(Beginning of Available records)

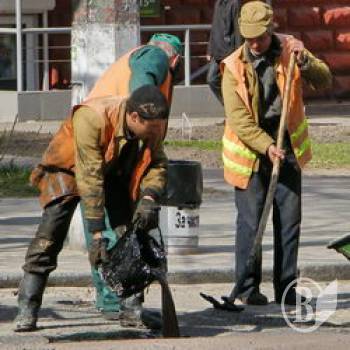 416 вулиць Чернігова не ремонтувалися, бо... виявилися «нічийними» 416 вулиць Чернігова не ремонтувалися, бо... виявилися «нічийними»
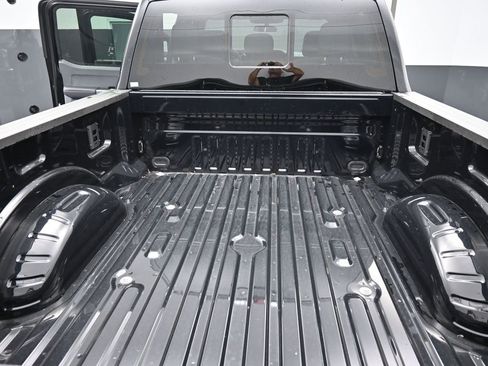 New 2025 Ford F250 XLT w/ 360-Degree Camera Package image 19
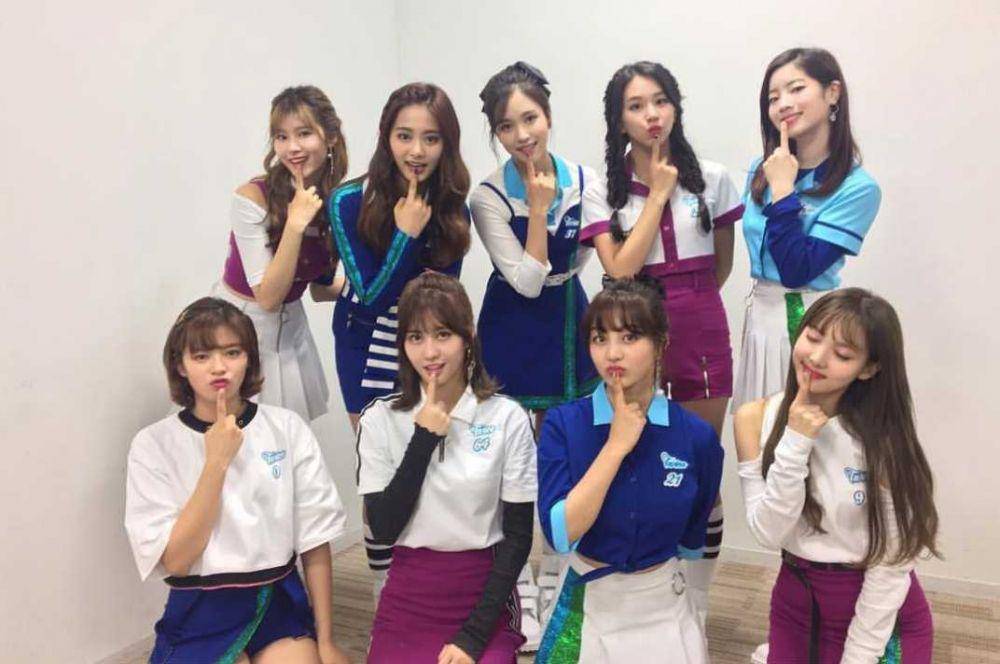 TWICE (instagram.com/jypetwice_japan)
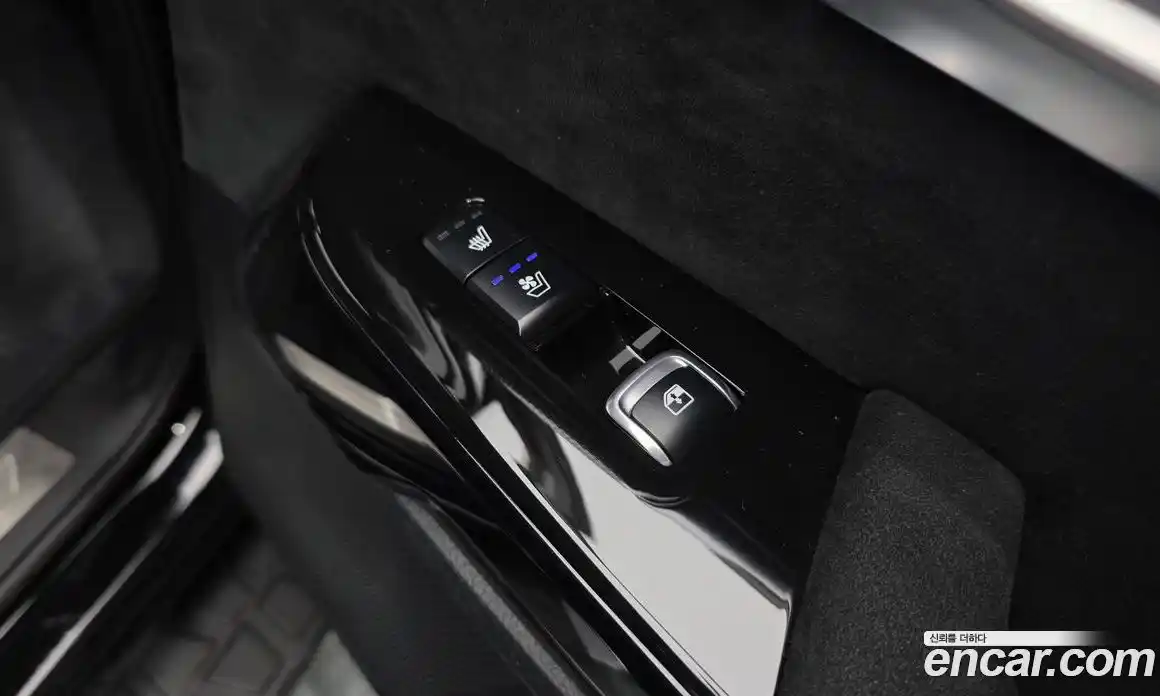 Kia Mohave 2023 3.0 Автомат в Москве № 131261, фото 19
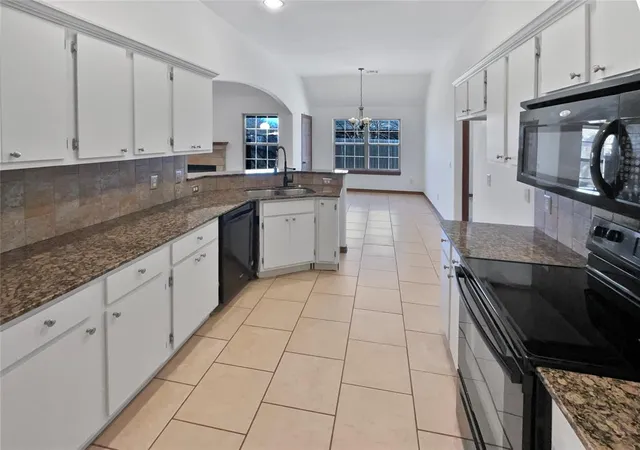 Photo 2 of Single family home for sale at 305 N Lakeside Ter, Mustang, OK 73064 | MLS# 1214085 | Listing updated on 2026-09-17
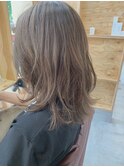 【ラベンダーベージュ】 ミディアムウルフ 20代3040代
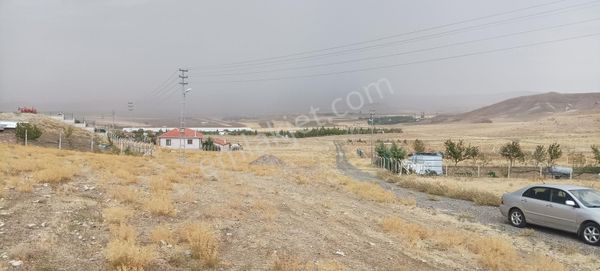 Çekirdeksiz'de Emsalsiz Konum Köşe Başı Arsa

(End of Available records)
(Beginning of Available records)

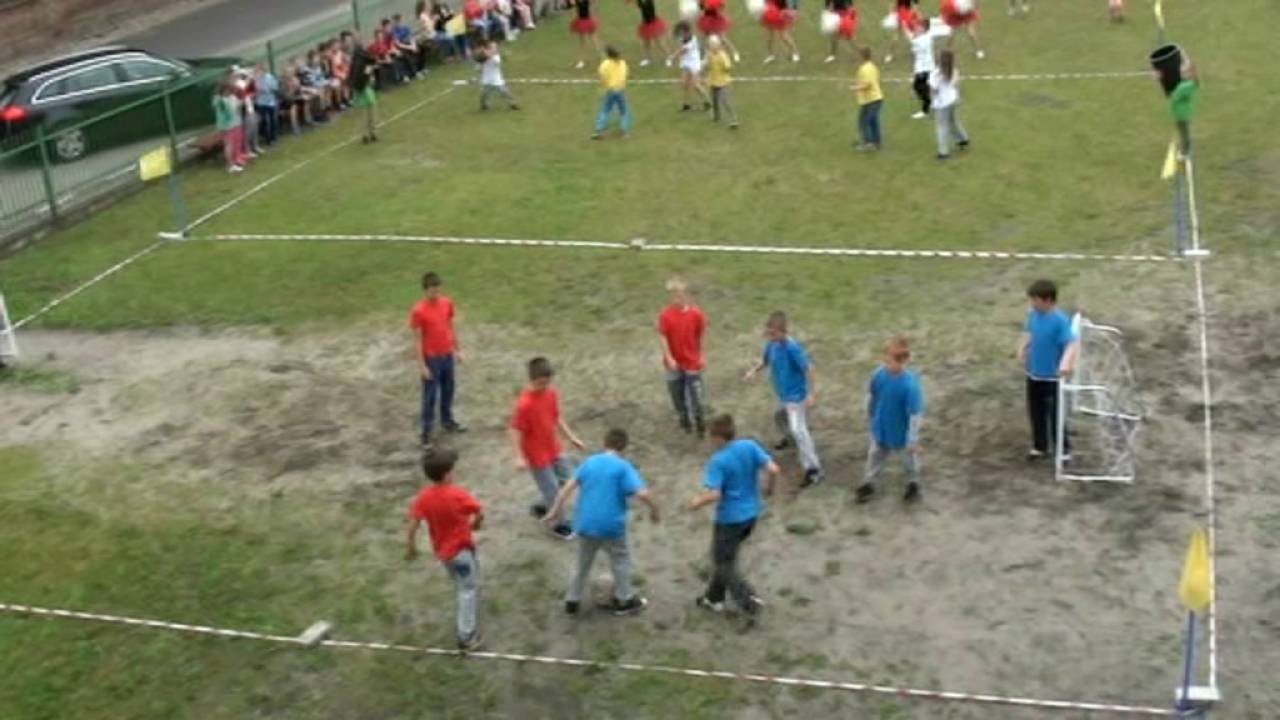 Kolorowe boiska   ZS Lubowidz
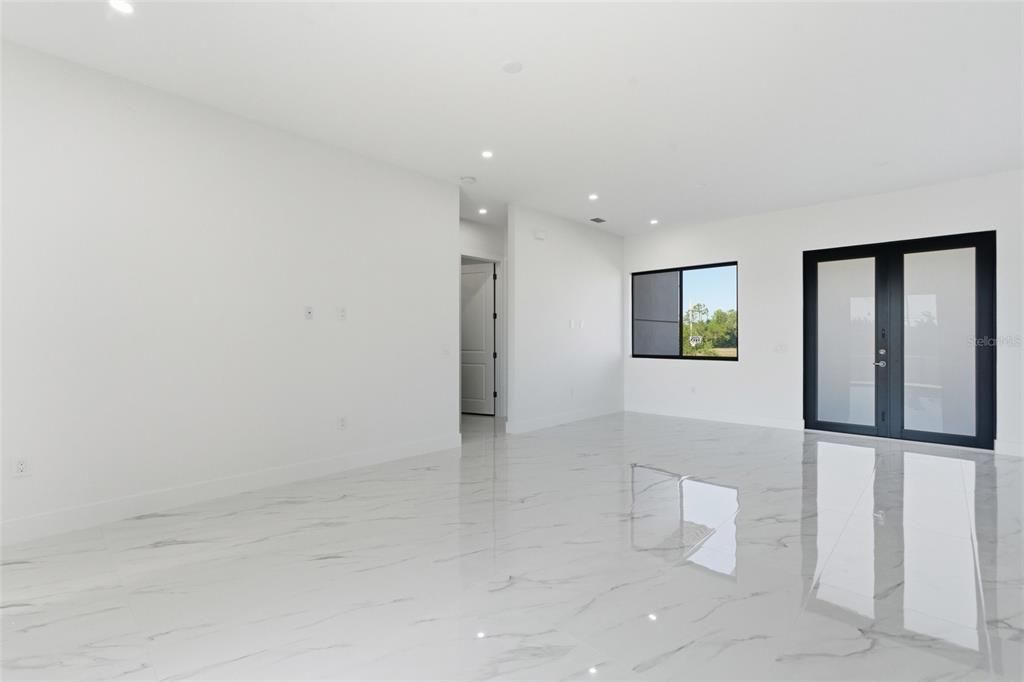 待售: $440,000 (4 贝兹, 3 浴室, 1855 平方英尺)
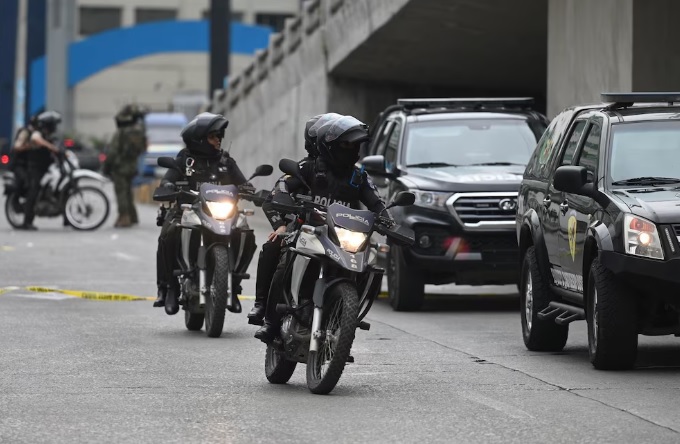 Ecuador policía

(End of Available records)

> Task to complete
Looking at the listing above, which lines run from the one containing "New 2025 Ford" through the one containing "Çekirdeksiz'de Emsalsiz Konum Köşe Başı Arsa"? Print exactly those, ends included, pictures excluded.

> Result for this task
 New 2025 Ford F250 XLT w/ 360-Degree Camera Package image 19
 TWICE (instagram.com/jypetwice_japan)
 Kia Mohave 2023 3.0 Автомат в Москве № 131261, фото 19
 Photo 2 of Single family home for sale at 305 N Lakeside Ter, Mustang, OK 73064 | MLS# 1214085 | Listing updated on 2026-09-17
 【ラベンダーベージュ】 ミディアムウルフ 20代3040代
 Çekirdeksiz'de Emsalsiz Konum Köşe Başı Arsa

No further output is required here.